Teaching AI to admit uncertainty

Johns Hopkins researchers show how different “odds” can teach AI models to admit when they’re not confident enough in an answer.
By Jaimie Patterson
In high-stakes situations like health care—or weeknight Jeopardy!—it can be safer to say “I don’t know” than to answer incorrectly. Doctors, game show contestants, and standardized test-takers understand this, but most artificial intelligence applications still prefer to give a potentially wrong answer rather than admit uncertainty.
Johns Hopkins computer scientists think they have a solution: a new method that allows AI models to spend more time thinking through problems and uses a confidence score to determine when the AI should say “I don’t know” rather than risking a wrong answer—crucial for high-stakes domains like medicine, law, or engineering.
The research team will present its findings at the 63rd Annual Meeting of the Association for Computational Linguistics, to be held July 27 through August 1 in Vienna, Austria.

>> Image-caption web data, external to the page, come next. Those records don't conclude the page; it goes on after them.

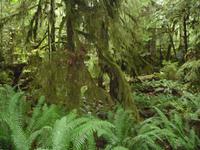 im Regenwald &ndash; &copy; Elisabeth Fox-Maerki (Eberhardt TRAVEL)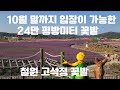 10월 말까지 입장이 가능한 24만 평방미터 꽃밭  / 철원 고석정 꽃밭 / 국내여행 VLOG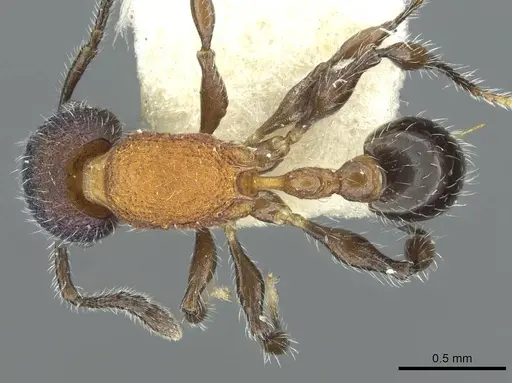 Temnothorax gibbifer specimen CASENT0912942 image casent0912942_1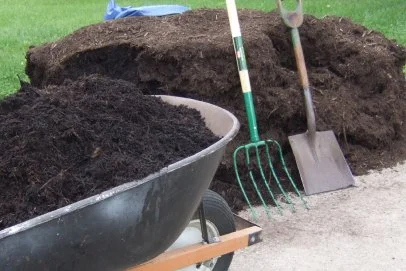 A pile of mulch.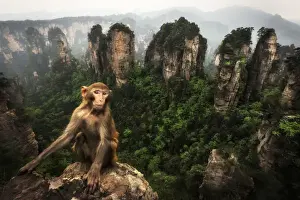 rhesus macaque (Macaca mulatta) over the cliffs of Yellow Stone Village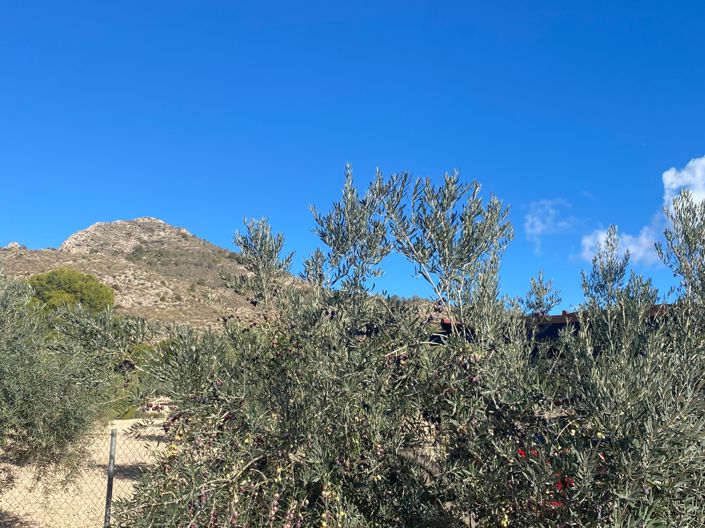 Image No.30-3 Bed Villa for sale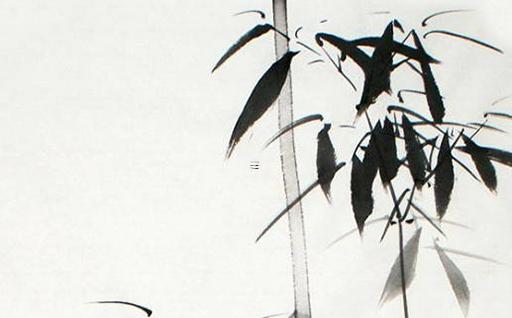 65年屬兔的人今天運氣如何 75年兔六月運氣如何 65年屬兔的人今天運氣如何 75年兔六月運氣如何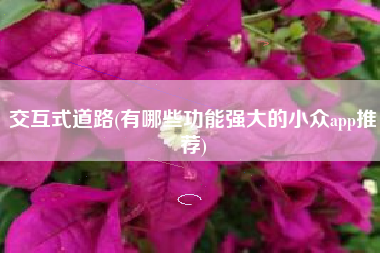 交互式道路(有哪些功能强大的小众app推荐)
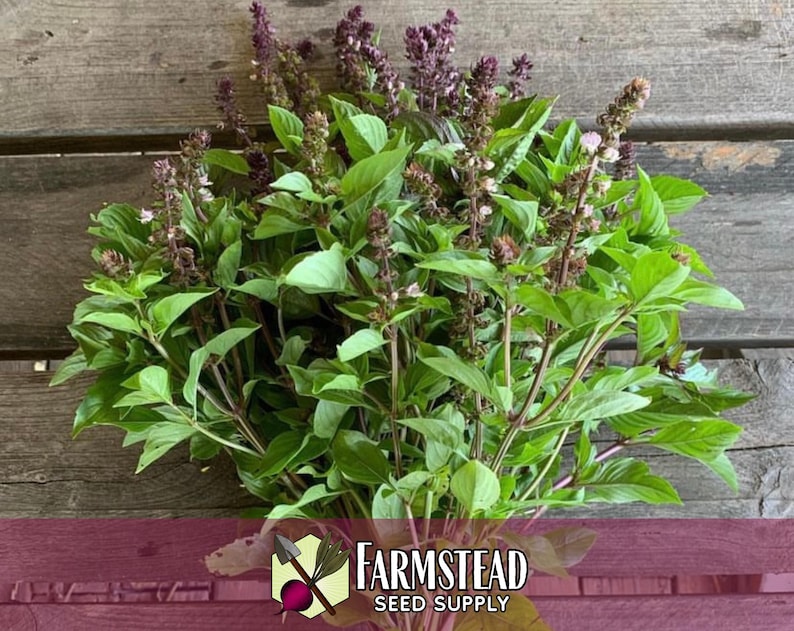 10,500 Cinnamon Basil Seeds | Heirloom, Non-GMO, Rare Herb Seed Packet, Container Gardening, Herb Garden, Basil Plant Seed, Ocimum basilicum image 2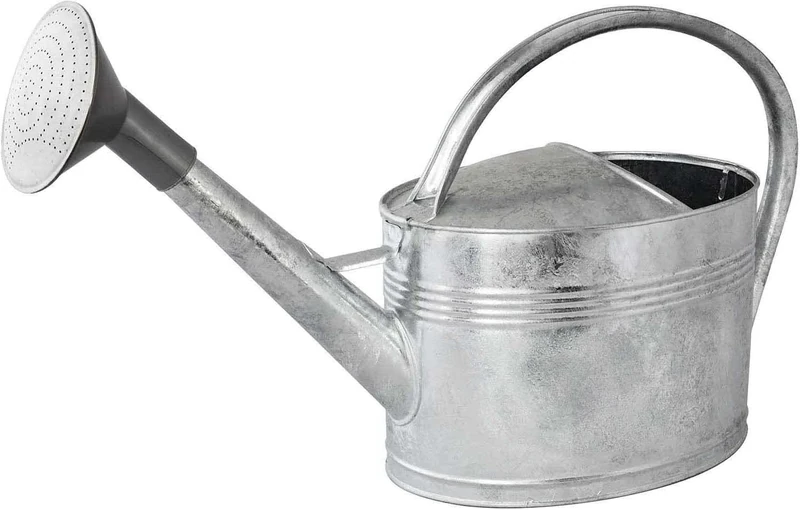10L Watering Can + Watering Can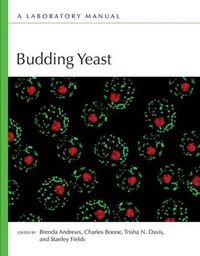 Cover image for Budding Yeast: A Laboratory Manual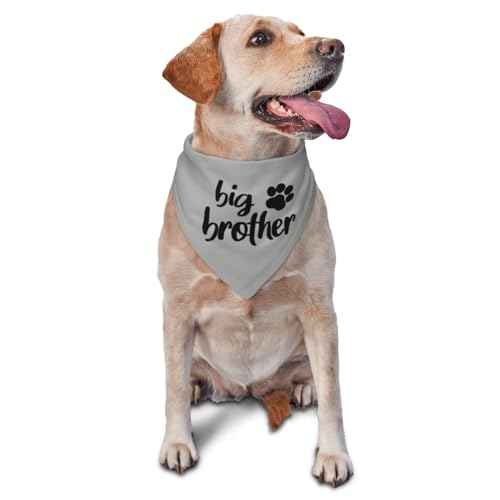 vercosee Big Brother Gender Reveal Baby Ankündigung Hundehalstuch, passendes Familien-Dreieckstuch für Hunde, Grau vercosee Big Brother Gender Reveal Baby Ankündigung Hundehalstuch, passendes Familien-Dreieckstuch für Hunde, Grau von vercosee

“It all started when we saw that cutting-edge large language models spend more time thinking to solve harder problems. So we wondered—can this additional thinking time also help these models determine whether or not a problem has been solved correctly so they can report that back to the user?” says first author William Jurayj, a PhD student studying computer science who is affiliated with the Whiting School of Engineering’s Center for Language and Speech Processing.
To investigate, the team had large language models generate reasoning chains of different lengths as they answered difficult math problems and then measured how the chain length affected both the model’s final answer and its confidence in it. The researchers had the models answer only when their confidence exceeded a given threshold—meaning “I don’t know” was an acceptable response.